吃空饷这还是其一,军械、马匹都以次充好,相对来说,也不是什么大事。

最可怕的,则是京营士卒被充作临时的劳役苦力,被京城勋贵们征召过去,修建自己的园林别墅去了!

这京营兵将,到底是天子掌握的军事力量,还是勋贵官员们的私奴?

当时,从高义嘴中听到这番话时,已然让赵旭惊得后背冷汗直冒。

现在,赵旭将这番话转述给赵恒,也令这位九五之尊出离了愤怒。

“旭儿,那高义所言,是真是假?”

赵恒罕见的露出了愤怒的情绪,冷声问道。

赵旭平复了一下心绪,拱手道:

“父皇,高义此人或许言语中又不实之语,但从此人尽心尽力剿匪一事,儿臣可以保证,他的话至少有八成左右是真的!除此之外,儿臣手下有一人名唤林冲,曾在齐国禁军中为教头,也道若论精锐,我大楚京营士卒远不如大齐禁军。”

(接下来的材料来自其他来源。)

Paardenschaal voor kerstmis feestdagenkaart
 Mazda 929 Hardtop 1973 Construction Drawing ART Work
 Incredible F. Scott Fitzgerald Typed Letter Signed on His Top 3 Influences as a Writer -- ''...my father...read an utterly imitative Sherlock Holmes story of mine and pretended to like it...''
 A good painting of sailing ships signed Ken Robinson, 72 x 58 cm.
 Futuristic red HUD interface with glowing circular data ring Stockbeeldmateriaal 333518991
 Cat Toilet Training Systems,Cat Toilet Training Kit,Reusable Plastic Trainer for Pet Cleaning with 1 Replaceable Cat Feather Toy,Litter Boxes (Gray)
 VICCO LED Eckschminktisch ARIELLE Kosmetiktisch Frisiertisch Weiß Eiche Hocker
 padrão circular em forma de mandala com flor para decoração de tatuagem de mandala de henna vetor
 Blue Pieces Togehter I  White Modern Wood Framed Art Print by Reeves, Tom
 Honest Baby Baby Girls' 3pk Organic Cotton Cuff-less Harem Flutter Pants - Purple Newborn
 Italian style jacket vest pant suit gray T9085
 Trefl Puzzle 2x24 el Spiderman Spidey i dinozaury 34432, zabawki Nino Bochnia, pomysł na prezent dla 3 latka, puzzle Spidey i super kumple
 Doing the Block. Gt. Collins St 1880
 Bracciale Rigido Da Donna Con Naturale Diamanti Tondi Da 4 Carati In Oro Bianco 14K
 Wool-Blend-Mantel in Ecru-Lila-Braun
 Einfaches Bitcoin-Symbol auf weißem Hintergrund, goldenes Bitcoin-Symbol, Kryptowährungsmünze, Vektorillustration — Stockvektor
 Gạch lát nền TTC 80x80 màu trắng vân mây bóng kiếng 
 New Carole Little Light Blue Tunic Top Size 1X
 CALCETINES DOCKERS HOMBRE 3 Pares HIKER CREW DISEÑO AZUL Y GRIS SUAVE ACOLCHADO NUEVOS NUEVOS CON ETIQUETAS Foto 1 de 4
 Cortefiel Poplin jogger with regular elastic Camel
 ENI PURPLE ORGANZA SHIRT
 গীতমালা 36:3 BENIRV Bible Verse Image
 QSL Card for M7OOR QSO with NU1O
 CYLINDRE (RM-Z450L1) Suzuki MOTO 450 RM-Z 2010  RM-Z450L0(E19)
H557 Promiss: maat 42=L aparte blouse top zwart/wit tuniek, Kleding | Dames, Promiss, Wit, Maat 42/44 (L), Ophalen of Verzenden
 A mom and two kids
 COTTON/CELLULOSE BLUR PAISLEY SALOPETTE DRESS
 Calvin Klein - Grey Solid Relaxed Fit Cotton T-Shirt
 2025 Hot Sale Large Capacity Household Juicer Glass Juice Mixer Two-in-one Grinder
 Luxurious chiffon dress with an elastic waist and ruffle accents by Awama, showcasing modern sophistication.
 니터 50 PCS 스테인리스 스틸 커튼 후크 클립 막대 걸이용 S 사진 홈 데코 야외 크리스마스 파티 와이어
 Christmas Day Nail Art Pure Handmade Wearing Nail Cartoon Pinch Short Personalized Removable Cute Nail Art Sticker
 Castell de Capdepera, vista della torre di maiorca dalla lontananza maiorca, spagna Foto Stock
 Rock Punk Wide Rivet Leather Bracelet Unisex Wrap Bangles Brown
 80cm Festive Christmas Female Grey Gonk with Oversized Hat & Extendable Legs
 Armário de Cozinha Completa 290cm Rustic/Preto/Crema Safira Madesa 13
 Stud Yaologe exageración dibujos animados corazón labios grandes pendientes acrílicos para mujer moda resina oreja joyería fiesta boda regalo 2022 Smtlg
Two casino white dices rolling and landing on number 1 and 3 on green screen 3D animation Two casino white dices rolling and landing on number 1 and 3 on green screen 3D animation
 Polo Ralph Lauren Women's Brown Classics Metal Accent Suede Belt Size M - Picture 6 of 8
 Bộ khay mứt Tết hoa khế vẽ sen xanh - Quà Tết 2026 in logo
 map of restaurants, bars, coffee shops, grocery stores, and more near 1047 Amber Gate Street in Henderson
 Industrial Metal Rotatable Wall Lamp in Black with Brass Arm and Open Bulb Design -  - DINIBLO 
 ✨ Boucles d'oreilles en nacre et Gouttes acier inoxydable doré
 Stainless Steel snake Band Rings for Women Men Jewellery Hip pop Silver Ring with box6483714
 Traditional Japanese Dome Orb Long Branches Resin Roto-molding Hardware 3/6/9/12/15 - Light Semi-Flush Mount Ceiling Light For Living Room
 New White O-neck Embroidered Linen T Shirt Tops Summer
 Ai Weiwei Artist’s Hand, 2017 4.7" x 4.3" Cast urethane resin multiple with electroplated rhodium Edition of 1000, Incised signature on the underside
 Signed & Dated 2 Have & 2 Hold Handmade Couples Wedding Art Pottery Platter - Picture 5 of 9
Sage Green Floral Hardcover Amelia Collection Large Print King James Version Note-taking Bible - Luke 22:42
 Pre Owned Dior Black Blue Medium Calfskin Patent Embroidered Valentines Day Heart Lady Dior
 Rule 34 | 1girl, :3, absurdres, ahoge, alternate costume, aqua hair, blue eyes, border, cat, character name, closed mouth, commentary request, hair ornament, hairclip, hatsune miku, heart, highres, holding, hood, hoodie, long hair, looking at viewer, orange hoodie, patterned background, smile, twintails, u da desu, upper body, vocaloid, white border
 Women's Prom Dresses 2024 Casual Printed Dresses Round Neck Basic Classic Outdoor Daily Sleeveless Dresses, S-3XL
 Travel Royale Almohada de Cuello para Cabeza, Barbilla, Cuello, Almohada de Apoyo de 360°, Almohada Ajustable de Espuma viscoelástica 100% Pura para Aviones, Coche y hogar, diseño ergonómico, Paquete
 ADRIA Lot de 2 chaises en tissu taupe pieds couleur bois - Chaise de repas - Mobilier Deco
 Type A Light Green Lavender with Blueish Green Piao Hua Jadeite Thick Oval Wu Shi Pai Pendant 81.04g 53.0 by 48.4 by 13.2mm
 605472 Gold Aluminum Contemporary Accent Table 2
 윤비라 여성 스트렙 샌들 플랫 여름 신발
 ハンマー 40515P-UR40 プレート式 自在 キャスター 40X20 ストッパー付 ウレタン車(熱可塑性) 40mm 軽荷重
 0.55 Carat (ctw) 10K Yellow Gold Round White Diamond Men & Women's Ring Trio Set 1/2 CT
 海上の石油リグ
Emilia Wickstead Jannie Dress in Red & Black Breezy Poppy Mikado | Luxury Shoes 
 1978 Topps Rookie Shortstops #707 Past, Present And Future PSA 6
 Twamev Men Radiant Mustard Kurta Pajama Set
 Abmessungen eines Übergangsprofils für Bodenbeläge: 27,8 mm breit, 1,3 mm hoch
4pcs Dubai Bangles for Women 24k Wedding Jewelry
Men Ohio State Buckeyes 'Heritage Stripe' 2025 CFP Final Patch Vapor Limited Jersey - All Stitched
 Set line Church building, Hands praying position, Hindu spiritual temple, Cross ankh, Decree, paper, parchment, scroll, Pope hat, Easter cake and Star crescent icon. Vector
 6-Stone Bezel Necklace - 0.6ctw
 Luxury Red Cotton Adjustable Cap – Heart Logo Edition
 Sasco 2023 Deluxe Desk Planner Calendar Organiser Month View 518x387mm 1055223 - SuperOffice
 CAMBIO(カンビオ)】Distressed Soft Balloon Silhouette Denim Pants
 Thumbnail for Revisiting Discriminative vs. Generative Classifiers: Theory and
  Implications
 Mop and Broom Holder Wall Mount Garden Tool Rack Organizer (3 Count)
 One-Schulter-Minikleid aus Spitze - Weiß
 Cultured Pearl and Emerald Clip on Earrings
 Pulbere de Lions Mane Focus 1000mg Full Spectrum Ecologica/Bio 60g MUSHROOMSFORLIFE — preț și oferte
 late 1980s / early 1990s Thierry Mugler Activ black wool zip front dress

赵恒闻言,脸色变了数变,最终还是摆了摆手,示意赵旭莫要再说了。

赵旭仿佛没有看到赵恒的动作一般,踏前一步,沉声道:

“父皇,如今诸国并立,大争之世,而据儿臣所知,我大齐除了曲镇南和关辅国两位将军统领的边军之外,竟然再没有一支能够一战的精锐了。可敌军一旦攻破边关,神京将无险可守,无兵可防!故儿臣以为,整顿京营,已是刻不容缓之事!”

赵恒脸色微微一变,沉吟道:“旭儿,你想整顿京营?”

赵旭的声音清冷而坚定。

“父皇,儿臣本来没想那么多。但此次剿匪时京营士卒的状况,以及高校尉所言,让儿臣不得不忧心京营现状。单就荆山贼寇一事,京营接二连三剿匪失败,若儿臣不以重金激励士气,恐怕此次也是有败无胜之局。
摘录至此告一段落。